Professional athletes are encouraged to take care of their bodies and minds as they recover from vigorous training and competitions. The result: They are razor-sharp and effective each time they compete. This is the approach needed for today’s corporate professionals as they are expected to always be on top of their game 24/7. Organizations who want more out of their employees need to focus on investing more in employees so they can bring more of themselves to work everyday.
Establishing simple rituals can have a dramatic effect on work performance.
Increase the Energy
At DRIVEN, our mission is to motivate individuals to recognize the cost of energy-depleting behaviors and to take responsibility for changing those behaviors. We provide practical, research-based solutions for effective energy management, which we call Intentional Productivity. Intentional Productivity is about understanding one’s own energy, what fuels that energy, and what behaviors and habits are needed to maintain high energy levels in order to be the most productive at work.

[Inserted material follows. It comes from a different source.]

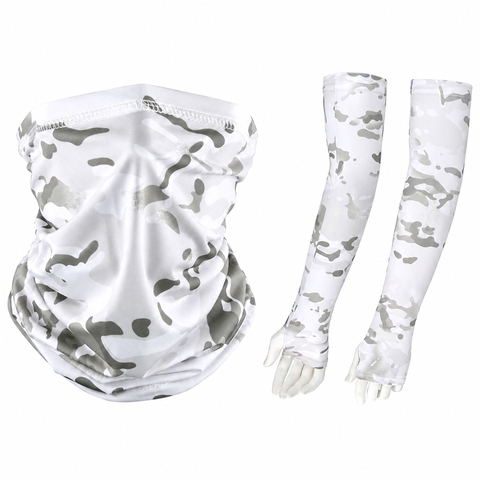 Bộ Khăn đa năng + Găng cánh tay chống nắng UPF 50+ - EX2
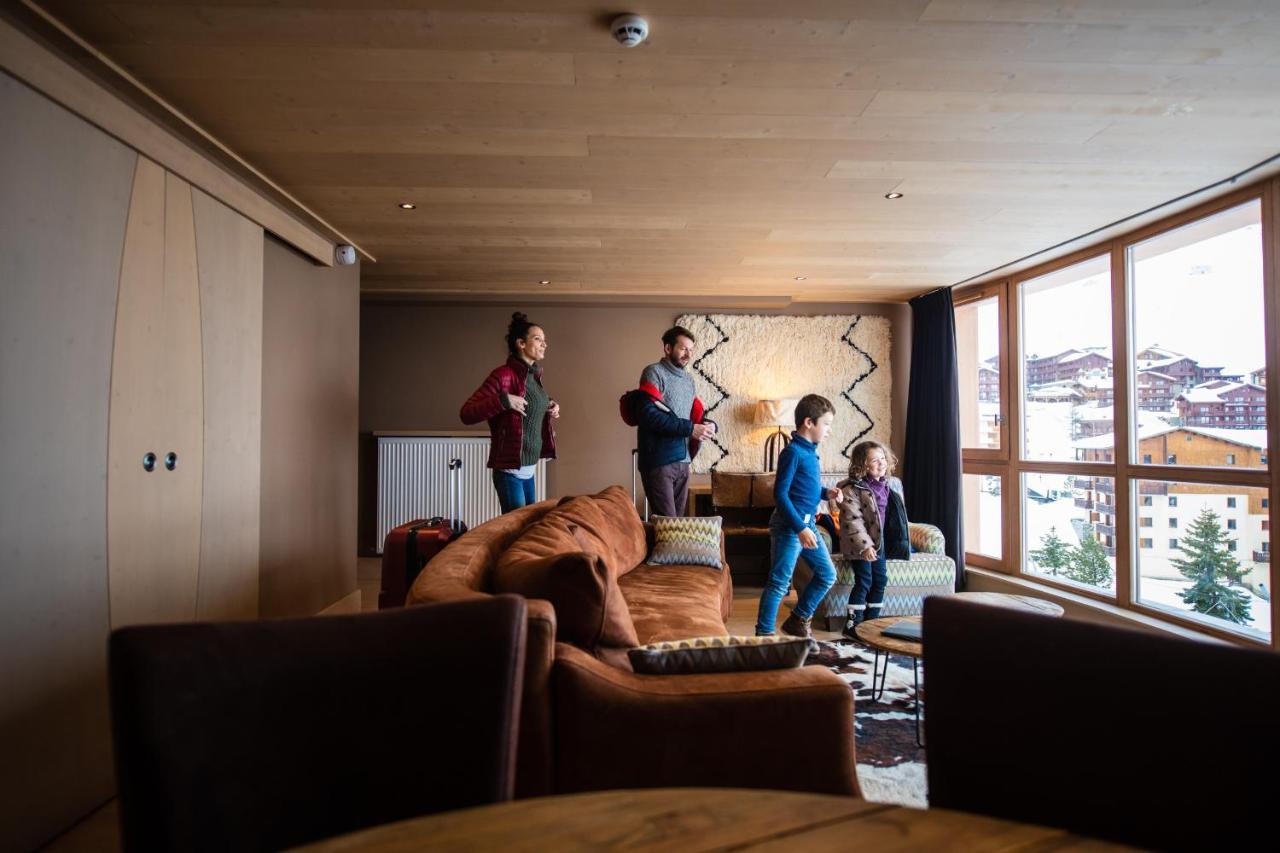 Le Taos Otel Tignes Dış mekan fotoğraf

Time is finite, but energy is abundant.
During our interactive workshop, participants will:
- Realize the four types of energy.
- Understand the effect of emotion on personal energy and productivity.
- Discover the types of tasks that are energy drains.
- Gain tools to mitigate distractions and increase productivity.
- Learn the power of celebrating their daily successes.
By incorporating small but powerful habits into their lives, individuals can see dramatic changes in their overall levels of productivity.